Kathleen Alcalá

SPIRITS OF THE ORDINARY: A TALE OF CASAS GRANDES

With a New Foreword by Rigoberto González

Seattle: Raven Chronicles Press, 2021. ISBN 987-0-9979468-8-8

Reviewed by Judith Roumani1

The original edition of this prizewinning novel appeared in 1997, but we are fortunate that a new edition has appeared recently, to delight those who are not yet familiar with this excellent writer. The beautiful painting of a galloping horse with Native American-style patterns behind it, entitled “Red Pony,” is by Alfredo Arreguín.

The novel focuses on the mostly hard lives of individuals from various ethnic groups in the mid-nineteenth century living along the U.S.-Mexican border. The U.S. had recently annexed Texas from Mexico, and Mexico in the 1870s was involved in a violent war between its army and Indian tribes, a war of annihilation. Among them were the Apaches, ruthless Indian warriors who struck fear in the hearts of other Indians. The general population was officially Catholic, but many had Jewish or Native roots that they concealed. This was an age when ethnic diversity was not appreciated, but converso descendants and Indians could form alliances, and others such as sexual minorities did exist, if in fear of the majority.

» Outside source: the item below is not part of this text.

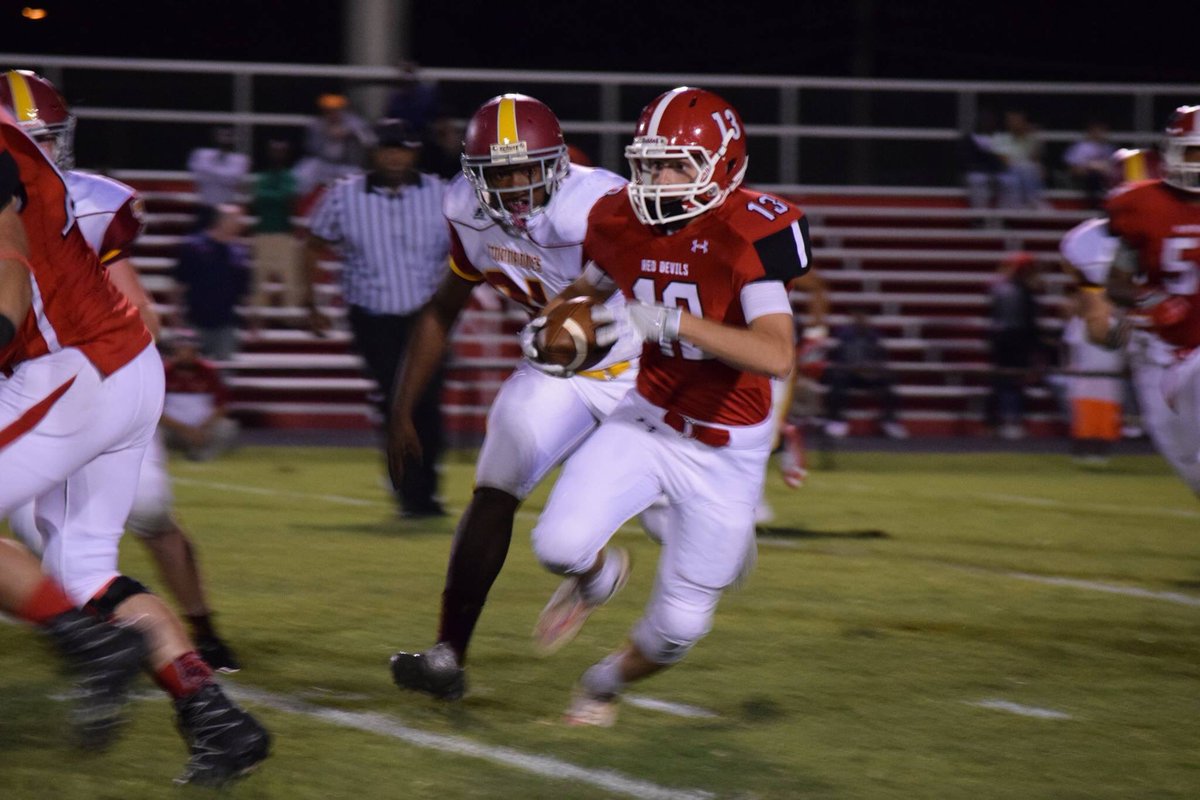 NCHS_FB's tweet photo. Happy Birthday to senior wide receiver and kicker, Aaron Hamm! https://t.co/MaWZlebirW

Alcalá’s novel reads often like a group of discrete stories presenting characters that have little to do with each other, as in a collection of folktales. As the book continues, we eventually see how their lives are linked, and the stories come together. There is the ongoing conflict between the Mexican army and the doomed Indian way of life. The Indians have become part of the national economy as workers in the mines or farms, but sometimes desert temporarily for their own religious festivals, an intolerable situation for employers who depend on their labor. Even if they are not warlike, and stay out of the paths of Mexicans, the army will come out and find the Indians, their weak attempts at self-defense provoking a massacre.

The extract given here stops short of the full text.